Could A United Cruz & Kasich Front Stop Donald Trump?
A recent announcement that the Cruz and Kasich campaigns have joined forces in an attempt to stop Trump’s acquisition of the required number of delegates to receive the party nomination has ignited a national controversy. Both candidates desire the primary election to reach a second ballot at the convention where they both have a better chance at winning the nomination.
Trump is fighting for the win the Republican nomination on the first ballot, but it is questionable as to whether he will acquire enough delegates to win it in a first-round victory. Trump has dropped the ball in regards to preparing for second or third ballot contests by forgoing or minimally participating in the elected delegate process in many states. It is clear that he lacked a clear understanding of how that portion of the process works and was not organized with a strategy to secure his position with delegates for the convention.
Kasich and Cruz are deciding between them which state primaries each of them will campaign in and go after. Currently, Kasich is bowing out of Indiana and Cruz is stepping back in New Mexico and Oregon. The strategy is that if they are not competing with each other, then they will secure more votes and more effectively compete with Trump.
With Cruz and Kasich not splitting votes in those states, they have a better chance of lessening the gap between them and Trump and obtaining more of the delegates, reducing Trump’s chances at acquiring the 1237 required to win the nomination.
One group that may be strongly affected by this move is online political betting enthusiasts. If Cruz and Kasich agree on which states they will go after ahead of time, it definitely changes the dynamics of the odds that are in place for each state primary, and could dramatically impact the results of who becomes the Republican presidential nominee, and ultimately, who becomes the president of the United States.

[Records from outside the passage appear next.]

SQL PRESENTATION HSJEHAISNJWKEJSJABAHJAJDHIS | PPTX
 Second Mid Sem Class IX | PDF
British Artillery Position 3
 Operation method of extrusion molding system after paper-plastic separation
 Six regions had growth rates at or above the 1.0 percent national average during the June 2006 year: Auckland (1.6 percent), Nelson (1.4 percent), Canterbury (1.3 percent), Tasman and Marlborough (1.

A contested convention is very difficult to predict as well, making the job of the oddsmakers riddled with complexity. This definitely adds some risk and sizzle to the 2016 presidential betting lines this year.
Are Cruz and Kasich breaking any rules? Absolutely not. And candidates have been selected as the nominee in second and third ballots in the past. This is how the system is designed to work. If a candidate cannot get a clear majority, then the election reverts to backup plans at a contested convention.
Cruz has very successfully secured delegates for the next step in the process, and his effective and highly organized ground game has paid off, much to the dismay of Donald Trump. While Cruz and Kasich are indeed operating within the rules of the election process, does that make it right?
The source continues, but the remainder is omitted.